When I last visited India in '96, the roads were terrible.  It took us 12 hours of winding up and down hills to get from Bombay to Pune, including hours where traffic stopped so completely that we ended up leaving the car to wander around.

At the time, I read in newspapers how India wanted to fix this problem- Private roads were coming to India!  Businessmen would build roads and recoup the costs by charging tolls (Oh, silly 90s folk, privatization was the solution to *everything*?).

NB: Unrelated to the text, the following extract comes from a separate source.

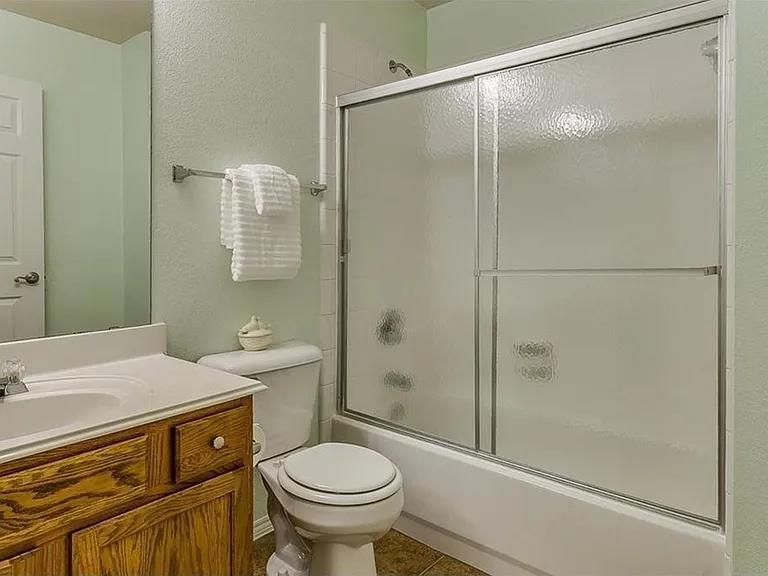 2821 Briargrove Ln — Photo 10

16 years later I return to India to see how it turned out.  The results are so-so.  Some roads are privately owned, but it seems most still aren't.  Compared to the publicly owned Chinese highway system (which really are first class), Indian roads are still lacking.  You can travel around India faster than before (Pune-Bombay is about 3 hours, Delhi-Agra is first world quality), but other roads were pretty mediocre.



Here is the Pune-Bombay highway.




Many roads are still pretty chaotic, although traffic flows a bit more freely than I remember.

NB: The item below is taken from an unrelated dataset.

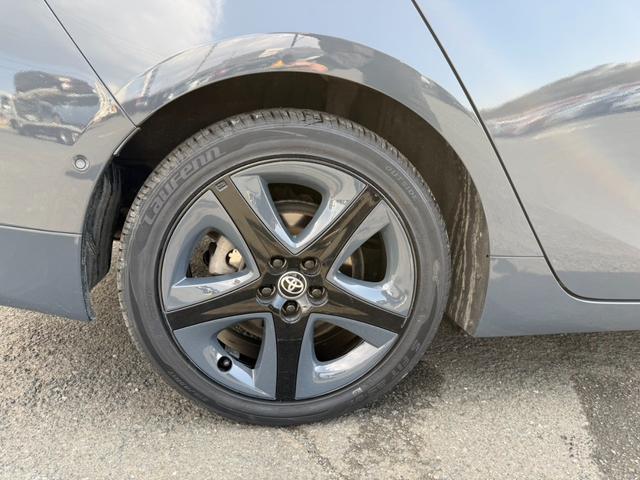 プリウス A 4WD アッシュ&ソリッドブラック全塗装車 寒冷地仕様 純正ナビ バックカメラ セーフティセンス レーダークルーズ ツーリングセレクション用17インチアルミボディ同色塗装済 クールグレー合皮シート(48枚目)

The Jaipur-Agra road wasn't really all that modern, in places it reminded me of India decades back.




Bombay has built all sorts of raised roads and bridges to ease the flow of traffic, including a road that just juts out into the ocean, coming back up north to bypass some crowded areas.



The old giant colorful trucks still can still often be seen, but unlike before, the exhaust pipes don't empty into neighboring car windows.


The Bombay-Pune highway was so different (and advanced) that I didn't recognize anything, until I saw good ol' "Duke's Nose".